A woman embraces Cruz during a campaign stop last December in Las Vegas (Photo: John Locher/AP)
Around the corner at Cruz’s slightly more Spartan headquarters, the scene was similar. Similar maps, similar signs — if far fewer snacks. On a whiteboard, somebody had scrawled “Call record 3,263”: the most calls this particular office had made so far in a single day. Meanwhile, volunteers dialed donors and read from a script designed to convert them into “neighborhood leaders.”
“Today, Ted’s volunteers are in full force building our ground game in Nevada,” they said into their cellphones. “And the most important part of our ground game is establishing local contacts in individual precincts so that every voter has the opportunity to hear Ted’s message.”
Two weeks earlier, just one person had been manning the phones in what was then a bare-bones office; back in October, Rubio’s organization had dwarfed Cruz’s. But with the caucuses approaching, Cruz has ramped up operations in Nevada, bringing in ground staff from Iowa and holding multiple caucus- organizing sessions every day in Las Vegas — sessions that have attracted as many as 50 volunteers, many of whom are first-time voters, according to the campaign.
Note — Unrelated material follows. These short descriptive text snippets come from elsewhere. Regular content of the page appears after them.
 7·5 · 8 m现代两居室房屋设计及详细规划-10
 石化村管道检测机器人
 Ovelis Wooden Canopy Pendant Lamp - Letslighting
Meanwhile, a Cruz aide told Yahoo News that phone banks across the state have made “hundreds of thousands of phone calls” in recent weeks as part of the campaign’s get-out-the-vote effort.
“We’re hitting our targets,” said Matthew Bell, the Cruz field representative. This isn’t surprising; Cruz had by far the most sophisticated caucus operation in Iowa, and his Nevada team is drawing on that expertise to ensure that their voters turn out on Tuesday.
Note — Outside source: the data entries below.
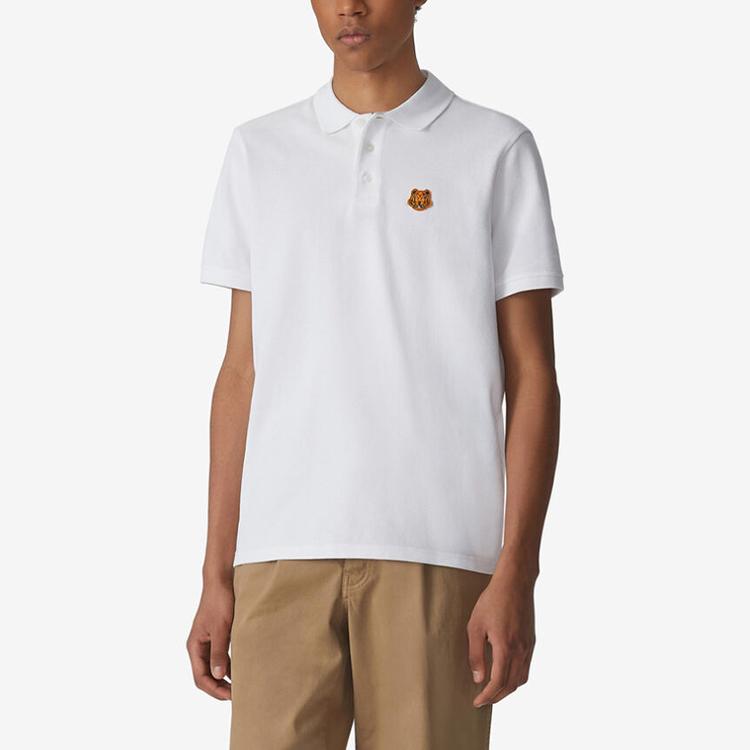 Kenzo SS21 Polo Shirt Men's White FA65PO0014PU-01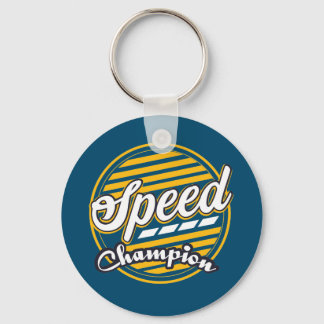 Speed Champion Key Ring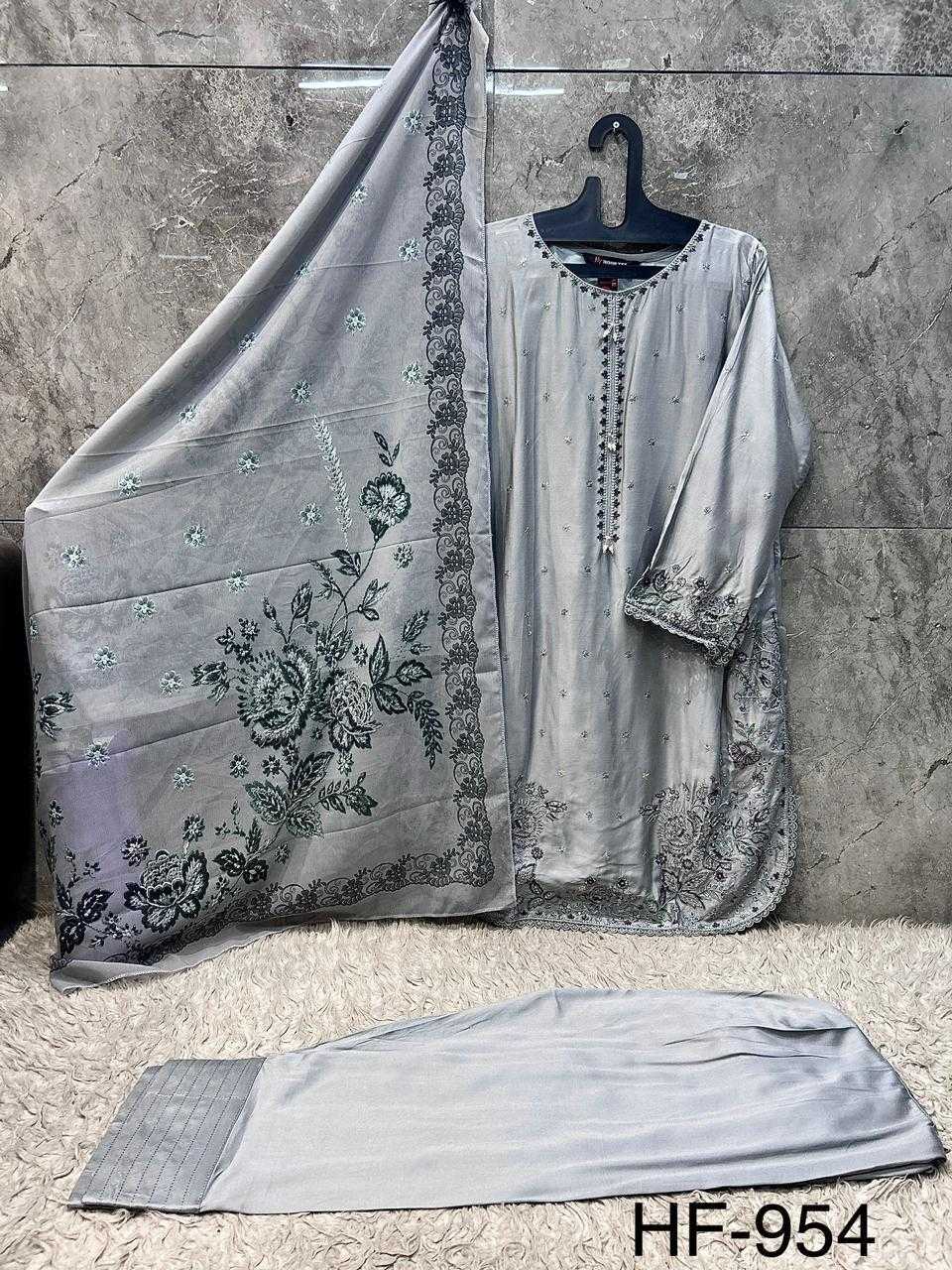 YNF Wholesale Satin Ladies Suits  | Surat Manufacturer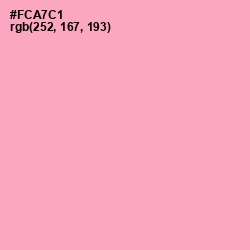 #FCA7C1 - Carnation Pink Color Image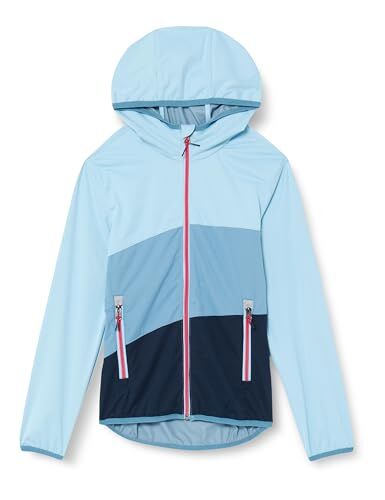 Killtec Girl's Giacca funzionale a 2 strati/giacca outdoor con cappuccio KOS 207 GRLS JCKT, ice-blue, 176,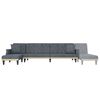 vidaXL Canap&eacute;-lit en forme de L gris 271x140x70 cm velours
Aides declined to provide specific numbers, but they said that Cruz has a mix of volunteer and paid staff in all 17 of Nevada’s counties. And while Cruz is also targeting Mormons, his biggest advantage over Rubio may be his laserlike focus on the more rural parts of the Silver State, where voters tend to be heavily conservative and more committed to caucusing.
In January, Cruz scored the endorsement of state Attorney General Adam Laxalt. The grandson of a former governor, Laxalt won in 2014 by running against the establishment; he was also the first statewide official in a century to get elected without carrying Las Vegas or Reno. In recent weeks, Laxalt has been back on the trail, stumping for Cruz in the far-flung towns that carried him to victory two years ago—Winnemucca, Yerington, Elko, Ely.
“We’re like that Johnny Cash song,” Ryan Hamilton, a Nevada political strategist who joined Cruz’s campaign last fall. “We’re going everywhere, to every town we can, to find support.”
Supporters listen to Cruz speak at a campaign rally Feb. 21 in Pahrump, Nev. (Photo: John Locher/AP)
On Sunday, Laxalt joined Cruz in Pahrump — a libertarian outpost in the middle of one of the largest and least populous counties in the United States — for the candidate’s first caucus-week campaign stop. Men wore pistols on their hips; signs for the Chicken Ranch Brothel lined the road. In his speech, Cruz pivoted from the evangelical emphasis of his South Carolina campaign and channeled his inner Rand Paul instead, criticizing the Obama administration for eavesdropping on American citizens and promising to give the “85 percent” of Nevada land owned by the federal government “back to the state, back to the people.”
“I’m thrilled to be surrounded by lovers of liberty,” Cruz said from the bed of a black pickup truck. “If every one of you gets 10 people to show up Tuesday night, the men and women standing in this parking lot can change the outcome of the Nevada caucuses.”
As usual, Cruz is also reaching out to evangelicals; his father, Rafael, preached at a church in Las Vegas last year. But for the most part, the campaign is hoping that anti-establishment conservatives — voters who are still angry about a billion-dollar tax hike approved two years ago by the GOP-led state Legislature and signed into law by Gov. Sandoval — will turn out Tuesday in record numbers and propel Cruz past Rubio, and perhaps even Trump.
“We think our message plays well with these disenfranchised Republicans,” Hamilton said. “They’ve voted for candidates who talked the talk during campaign season — but haven’t walked the walk in their governing.”